В архивных материалах не сохранилось подробных сведений о том, как, когда и в каких количествах нарезывались земли для Кубанского и Кавказского полков, но есть указание на это. Ставропольем уездный землемер Пичугов доносил в 1802 году генералу Кноррингу, что, по просьбе казаков, ввиду наступления полевых работ, он отложил на время «отмежевание земель» для Кубанского полка и, вероятно, для вновь прибывших казаков Кавказского полка. Работы начаты были с Усть-Лабинской станицы, но еще в 1826 году не были закончены. Дебу в своей «Истории Кавказской линии», обнимавшей период с 1816 по 1826 год, говорит, что «казаки Кавказского полка, во избежание разных неудобностей и для лучшего хозяйственного распоряжения, пользуются по повелению начальства, с самого их водворения, отведенным для них немалым пространством земли, занимающей от 20 до 40 верст от реки Кубани». Земли могли нарезаться, понятно, только на север от Кубани, а станицы находились на южной окраине своих юртов. Каждый полк владел, таким образом, длинной и широкой полосой земель, тянувшихся вдоль Кубани. По сведениям Дебу, основанным, как он выразился, «на объявлении казаков и неверном», так как «общее размежевание» было только еще начато, – в Кубанском полку приблизительно считалось удобной и неудобной земли 163 258 дес., а в Кавказском 244 739 дес. Так как это количество земли распределено было особо по каждой станице, то, очевидно, земли были приблизительно исчислены по фактическому землепользованию казаков и составляли лишь часть пустующих смежных пространства.

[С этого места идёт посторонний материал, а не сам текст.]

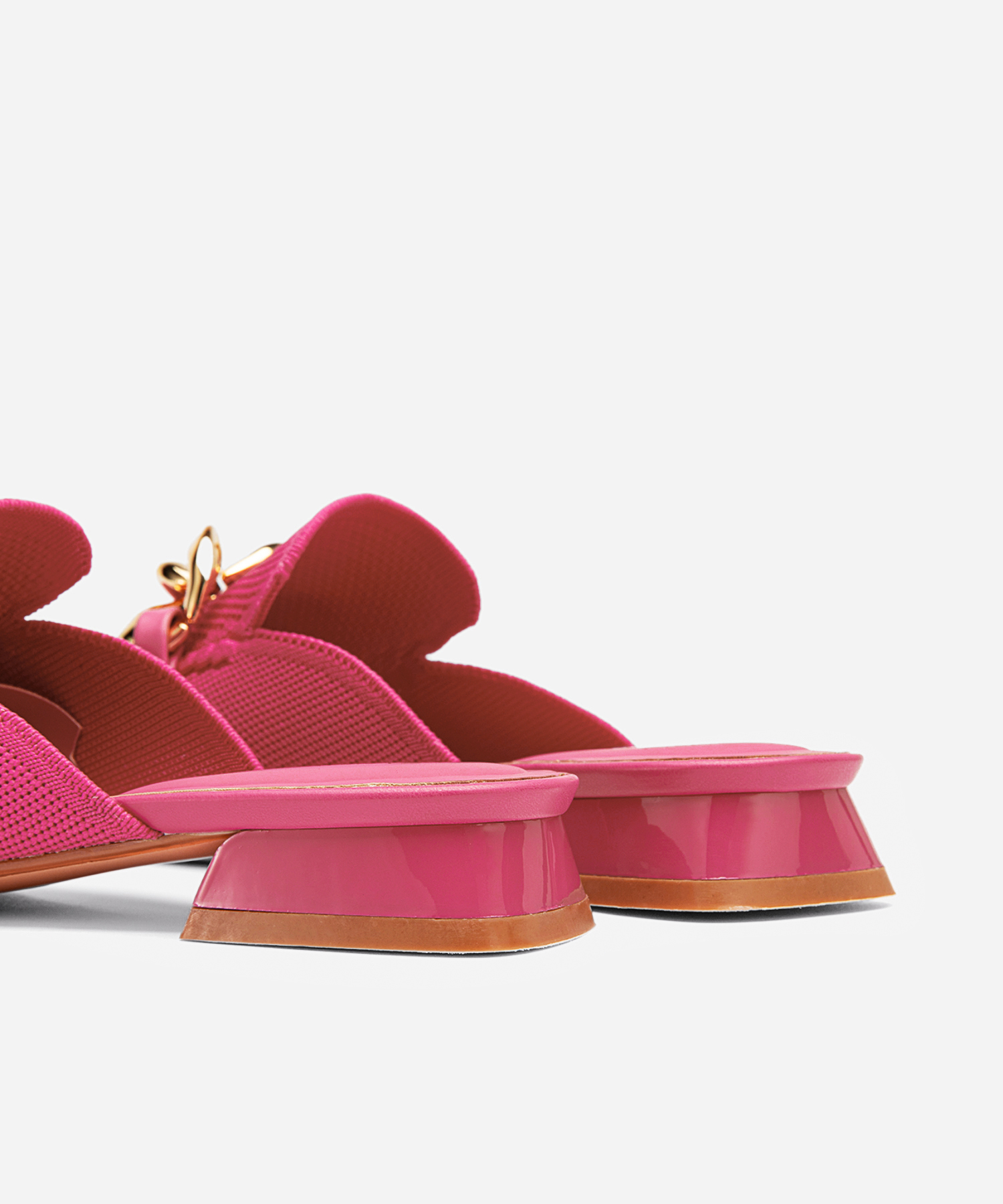 Mousse Fit Women Commute Pointed Toe Flat  Mules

В свою очередь, каждая станица в полку имела свой юрт или общинно-земельную территорию. При вольном пользовании землей границы юрта устанавливались казаками фактически по живым урочищам, как это водилось в старину. Юрт прилегал к станице, и те пределы земель, до которых казаки сеяли хлеб или водили скот, были границами юрта. На дальность этих расстояний от станицы влияли троякого рода обстоятельства: 1) опасности, соединенные с набегами и грабежами черкесов, 2) естественные удобства местности и 3) близость или отдаленность соседних станиц. Юрт несомненно округлялся в зависимости от этих трех условий. Но земельный простор при слабой населенности края был настолько велик, что недостатка в земле тогда не ощущалось еще. Только по границе с однодворческими селениями возникали споры из-за принадлежности земли тем или другим владельцам. Такой спор возник в 1801 году между казаками станицы Темнолесской и однодворцами Надеждинского и Николаевского селений. Казаки жаловались 1 апреля 1801 года в Ставропольский нижний земский суд, что однодворцы названных селений перешли границу и запахали казачьи земли. Ставропольский уездный суд постановлением 19 марта 1802 года предписал нижнему земскому суду воспретить однодворцам запахивать казачьи земли. Но в этом именно и сказалось влияние понятия о полковом казачьем землевладении.
В одном отношении казаки пошли далее и к пользованию рыболовными водами применили порядки войскового владения. Когда состоялось перечисление станиц Усть-Лабинской и Темишбекской в соответствующие полки, командиры полков Кубанского подполковник Потапов и Кавказского майор Дыдымов постановили, с согласия казачества, чтобы рыболовные места по Кубани от Изрядного Источника и до станицы Казанской были общими для обоих полков и чтобы при занятиях рыболовством на Кубани казаки одних станиц не делали никаких препятствий казакам других. На этом протяжении Кубани водились в изобилии ценные породы рыбы – осетр, севрюга, шамая, рыбец, карп и пр. Чтобы не лишить выгод рыболовства по Кубани всего населения, и был установлен порядок общего пользования рыболовными водами для казаков обоих полков, как донесли по начальству полковые командиры.